Xi Jinping, China’s president

China’s scrap metal imports in March fell by 24.6 per cent from a year ago as new curbs on foreign solid waste came into effect.

Meanwhile, waste paper imports slid by 54.2 per cent, just as the country imported zero waste plastic.

New impurity limits has been set at one per cent for nonferrous metal and at 0.5 per cent for paper, plastics and ferrous metal.

They were announced by China last year but only officially came into force on March 1 and had already impacted shipments.

China imported a total of 570,000 tonnes of scrap metal last month, the General Administration of Customs said on Monday,adding that 760,000 tonnes were imported a year ago and 440,000 tonnes in February when the country had a week-long holiday for Lunar New Year.
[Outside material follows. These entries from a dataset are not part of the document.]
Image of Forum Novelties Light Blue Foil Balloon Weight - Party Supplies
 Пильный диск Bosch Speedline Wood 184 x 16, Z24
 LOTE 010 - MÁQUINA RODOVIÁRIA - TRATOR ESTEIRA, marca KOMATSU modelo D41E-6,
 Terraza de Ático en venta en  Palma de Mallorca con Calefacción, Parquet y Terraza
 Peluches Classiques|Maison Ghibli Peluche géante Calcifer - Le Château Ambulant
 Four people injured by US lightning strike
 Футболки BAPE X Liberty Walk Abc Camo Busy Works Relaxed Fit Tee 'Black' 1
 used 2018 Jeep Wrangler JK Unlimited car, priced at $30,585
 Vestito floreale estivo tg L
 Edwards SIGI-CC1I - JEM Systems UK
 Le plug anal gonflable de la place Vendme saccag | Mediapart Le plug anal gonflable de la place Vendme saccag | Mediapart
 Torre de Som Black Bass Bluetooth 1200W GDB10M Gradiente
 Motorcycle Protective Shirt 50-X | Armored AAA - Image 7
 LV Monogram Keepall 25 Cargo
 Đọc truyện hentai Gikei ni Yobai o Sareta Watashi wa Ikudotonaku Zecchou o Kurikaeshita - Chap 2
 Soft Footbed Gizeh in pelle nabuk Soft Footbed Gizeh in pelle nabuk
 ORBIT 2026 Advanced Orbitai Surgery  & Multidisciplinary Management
Scrap copper imports were at 220,000 tonnes last month, down 37.7 per cent from March 2017.

China’s Ministry of Ecology and Environment last week confirmed that imports of Category 7 scrap copper – such as coiled copper cable and waste motors – would be banned from the end of this year.

Import quotas for scrap copper have already been falling.

Meanwhile, China imported 180,000 tonnes of aluminium scrap last month, up from 119,737 tonnes in February, but down 5.6 per cent year-on-year.

China said on April 2 that it would impose a 25 per cent tariff on aluminium scrap from the United States in response to U.S. steel and aluminium tariffs imposed in March.

Waste paper imports were 1.42 million tonnes last month, down 54.2 percent from a year earlier, but up from 1.27 million tonnes in February.

Meanwhile, waste plastic imports were at zero, and were just 10,000 tonnes for the entire first quarter after coming in at virtually zero in February.

China’s overall-imports of foreign solid-waste – including waste-paper, waste-plastics and scrap-metal – fell by roughly half from a year ago to two million tonnes in March, data showed.